[Stored data]
= Beginning of Section =
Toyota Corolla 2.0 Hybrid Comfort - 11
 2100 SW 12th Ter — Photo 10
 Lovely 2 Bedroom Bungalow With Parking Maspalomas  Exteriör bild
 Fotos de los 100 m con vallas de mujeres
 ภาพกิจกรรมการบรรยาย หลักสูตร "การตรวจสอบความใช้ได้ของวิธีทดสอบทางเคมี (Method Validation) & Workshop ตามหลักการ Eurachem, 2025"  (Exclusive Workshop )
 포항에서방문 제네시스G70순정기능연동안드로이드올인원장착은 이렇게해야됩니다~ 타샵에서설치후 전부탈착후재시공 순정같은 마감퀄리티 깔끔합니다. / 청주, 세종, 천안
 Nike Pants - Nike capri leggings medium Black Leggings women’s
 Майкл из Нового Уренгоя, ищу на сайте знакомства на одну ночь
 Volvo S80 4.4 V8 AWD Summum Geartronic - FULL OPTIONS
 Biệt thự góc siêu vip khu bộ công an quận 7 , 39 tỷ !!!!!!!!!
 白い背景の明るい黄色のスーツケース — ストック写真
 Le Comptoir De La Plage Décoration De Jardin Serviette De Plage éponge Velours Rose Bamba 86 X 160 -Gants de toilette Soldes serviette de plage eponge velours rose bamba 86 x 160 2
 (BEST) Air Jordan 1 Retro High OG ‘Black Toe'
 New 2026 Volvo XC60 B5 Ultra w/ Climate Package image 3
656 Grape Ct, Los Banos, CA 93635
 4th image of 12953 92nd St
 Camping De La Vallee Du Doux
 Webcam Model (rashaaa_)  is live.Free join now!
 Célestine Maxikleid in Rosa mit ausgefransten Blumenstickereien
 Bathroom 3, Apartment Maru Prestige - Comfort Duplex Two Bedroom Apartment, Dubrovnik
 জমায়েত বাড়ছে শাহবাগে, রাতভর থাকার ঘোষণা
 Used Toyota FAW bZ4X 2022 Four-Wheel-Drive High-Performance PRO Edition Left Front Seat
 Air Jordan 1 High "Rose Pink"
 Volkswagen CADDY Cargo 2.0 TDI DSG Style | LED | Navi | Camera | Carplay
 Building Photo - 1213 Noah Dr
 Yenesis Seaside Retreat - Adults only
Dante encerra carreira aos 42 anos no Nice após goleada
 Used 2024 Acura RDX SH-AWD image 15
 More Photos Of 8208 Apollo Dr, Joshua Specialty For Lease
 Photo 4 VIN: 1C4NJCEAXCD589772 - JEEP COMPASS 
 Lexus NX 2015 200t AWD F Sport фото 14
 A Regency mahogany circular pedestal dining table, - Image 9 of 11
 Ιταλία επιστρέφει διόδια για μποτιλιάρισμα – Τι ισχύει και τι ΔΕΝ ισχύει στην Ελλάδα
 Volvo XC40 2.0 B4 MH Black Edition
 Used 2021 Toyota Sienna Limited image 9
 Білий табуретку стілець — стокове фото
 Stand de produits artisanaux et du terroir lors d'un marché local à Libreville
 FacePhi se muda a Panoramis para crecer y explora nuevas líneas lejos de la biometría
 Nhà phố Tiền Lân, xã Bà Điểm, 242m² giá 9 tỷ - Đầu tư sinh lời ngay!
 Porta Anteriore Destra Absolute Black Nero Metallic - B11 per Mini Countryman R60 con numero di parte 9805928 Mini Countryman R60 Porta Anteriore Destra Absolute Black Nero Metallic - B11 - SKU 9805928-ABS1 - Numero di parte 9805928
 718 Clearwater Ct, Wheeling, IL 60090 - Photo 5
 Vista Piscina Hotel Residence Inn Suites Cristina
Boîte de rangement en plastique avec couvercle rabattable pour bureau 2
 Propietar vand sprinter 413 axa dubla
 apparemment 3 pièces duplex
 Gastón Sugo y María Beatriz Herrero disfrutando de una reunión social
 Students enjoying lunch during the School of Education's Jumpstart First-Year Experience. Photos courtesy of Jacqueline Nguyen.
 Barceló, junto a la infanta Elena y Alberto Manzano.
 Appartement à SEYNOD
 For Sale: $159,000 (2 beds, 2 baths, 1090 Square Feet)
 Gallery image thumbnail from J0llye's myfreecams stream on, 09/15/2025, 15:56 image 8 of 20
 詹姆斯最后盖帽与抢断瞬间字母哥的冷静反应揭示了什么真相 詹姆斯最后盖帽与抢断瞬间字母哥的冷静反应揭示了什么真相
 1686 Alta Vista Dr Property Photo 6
= End of Section =
In the data above, start at the line that has "Biệt thự góc", stop after the line that has "Yenesis Seaside Retreat - Adults only", and print every line in between exactly as it stands.

 Biệt thự góc siêu vip khu bộ công an quận 7 , 39 tỷ !!!!!!!!!
 白い背景の明るい黄色のスーツケース — ストック写真
 Le Comptoir De La Plage Décoration De Jardin Serviette De Plage éponge Velours Rose Bamba 86 X 160 -Gants de toilette Soldes serviette de plage eponge velours rose bamba 86 x 160 2
 (BEST) Air Jordan 1 Retro High OG ‘Black Toe'
 New 2026 Volvo XC60 B5 Ultra w/ Climate Package image 3
656 Grape Ct, Los Banos, CA 93635
 4th image of 12953 92nd St
 Camping De La Vallee Du Doux
 Webcam Model (rashaaa_)  is live.Free join now!
 Célestine Maxikleid in Rosa mit ausgefransten Blumenstickereien
 Bathroom 3, Apartment Maru Prestige - Comfort Duplex Two Bedroom Apartment, Dubrovnik
 জমায়েত বাড়ছে শাহবাগে, রাতভর থাকার ঘোষণা
 Used Toyota FAW bZ4X 2022 Four-Wheel-Drive High-Performance PRO Edition Left Front Seat
 Air Jordan 1 High "Rose Pink"
 Volkswagen CADDY Cargo 2.0 TDI DSG Style | LED | Navi | Camera | Carplay
 Building Photo - 1213 Noah Dr
 Yenesis Seaside Retreat - Adults only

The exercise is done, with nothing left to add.